Of course, he made his speech without a modicum of remorse for his attempt to shatter her illusions. Yet it was his cool smirk in the lantern light that tweaked her ire.

“All alike? No, indeed,” she said. “The majority of men aren’t quite so pink, I’m sure.”

He skewered her with a steely glower. Then, in one smooth motion, he moved to the edge of his seat, reached out and lifted her hood in place before she could even gasp at his sudden nearness.

Her lips parted all the same. The scent of him—some enthralling combination of leather and raw earth—invaded her olfactory sense. And those pale irises were impossibly close. So close, it seemed as if she were peering into the depths of a fathomless lake that had frozen into one solid block of ice.

“Word of warning, Jane. It isn’t wise to anger a hungry animal when you’re about to step into his cave.”

In that moment, she realized the carriage had stopped. She peered out the window toward the redbrick facade of a ramshackle terrace in Covent Garden.

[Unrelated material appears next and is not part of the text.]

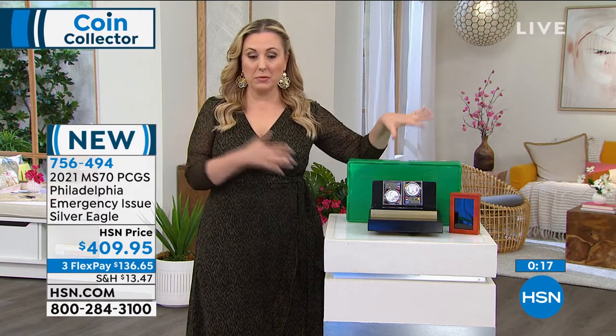If you'd like to pick this up, we do have it on FlexPay. We've got more coming up, so keep shopping. Item number 756-494. We're going to take a little break, and when we come back we've got the Kennedys coming up.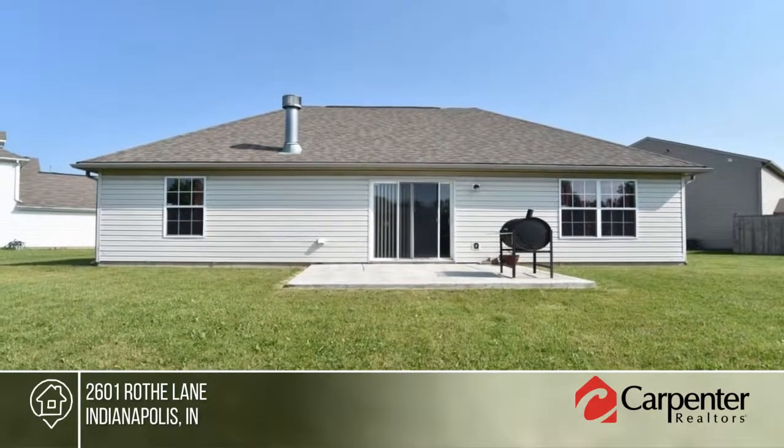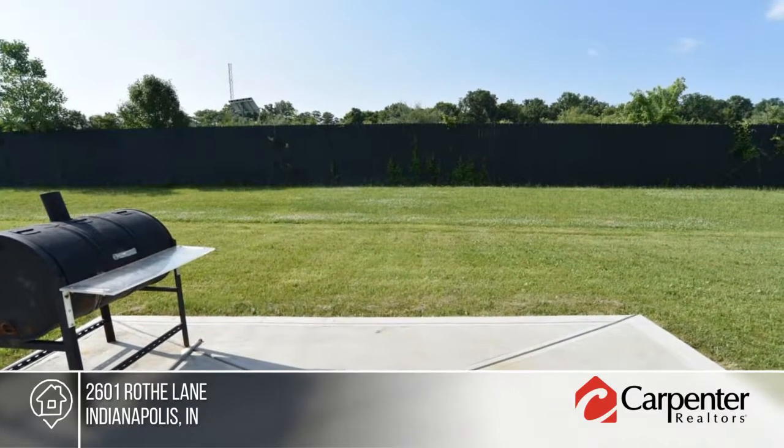Seated on a cul-de-sac, this home won't last long. Contact Patricia Bonner to schedule your private tour.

Newton’s apple, a scoundrel’s flat! She most definitely hadn’t planned for this.

* * *

Raven crossed the threshold and closed the door, effectively shutting out the light from the streetlamps and immersing them in blackness. He noticed that the soles of Jane’s shoes shifted nervously on the hardwood floor.

Good. She deserved to feel uneasy and uncertain after all the trouble she’d caused him.

“And I thought you were merely goading me when you mentioned a cave,” she said under her breath, her sardonic tone extracting a reluctant rise of amusement within him.